I'd still prefer using pagination brackets for time-saving and easiness of use as long as website URL has page number in it.

You can read more about picking a right pagination selector here:

1 Like

iconoclast..... you are rockstar! I had been trying to get it to work way too long. I made it a child as that is what the pagination video said to do at http://webscraper.io/tutorials. Perhaps I interpreted it incorrectly.

Needless to say, I can see the logic in your example.

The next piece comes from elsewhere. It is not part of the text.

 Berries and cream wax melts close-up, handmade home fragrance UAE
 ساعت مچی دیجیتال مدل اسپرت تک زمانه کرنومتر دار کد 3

I did realize that I also messed up on grabbing the image links on the within the item selector. I thought I needed to create to selectors in order to grab the images. I removed both and created a simple selector to just grab both the links. Code below is what I used and its now scraping like a charm. Much appreciated for all the help.

{"_id":"jamberry-leech","startUrl":["https://www.jamberry.com/us/en/shop/shop/for/search?pageSize=24"],"selectors":[{"id":"item","type":"SelectorLink","selector":"div.tile > a","parentSelectors":["pagination"],"multiple":true,"delay":0},{"id":"pagination","type":"SelectorElementClick","selector":"section.catalog-grid","parentSelectors":["_root"],"multiple":true,"delay":"2000","clickElementSelector":"ul.results li:nth-of-type(6) a","clickType":"clickMore","discardInitialElements":false,"clickElementUniquenessType":"uniqueText"},{"id":"item-title","type":"SelectorText","selector":"h1","parentSelectors":["item"],"multiple":false,"regex":"","delay":0},{"id":"item-price","type":"SelectorText","selector":"div.price span","parentSelectors":["item"],"multiple":false,"regex":"","delay":0},{"id":"item-details","type":"SelectorText","selector":"div.lead span","parentSelectors":["item"],"multiple":false,"regex":"","delay":0},{"id":"item-hashtag","type":"SelectorText","selector":"div.hashtag","parentSelectors":["item"],"multiple":false,"regex":"","delay":0},{"id":"item-tags","type":"SelectorGroup","selector":"a.label","parentSelectors":["item"],"delay":0,"extractAttribute":""},{"id":"item-images","type":"SelectorImage","selector":"div.ms-slide img","parentSelectors":["item"],"multiple":true,"delay":0}]}

1 Like

Actually you can make link or element selector as a parent selector for itself but it needs to have another parent selector otherwise you won't be able to access it anymore.

1 Like

I tried your code but received "No data scraped yet" message. Could you please confirm? Maybe the website's tructure was changed? Thank you.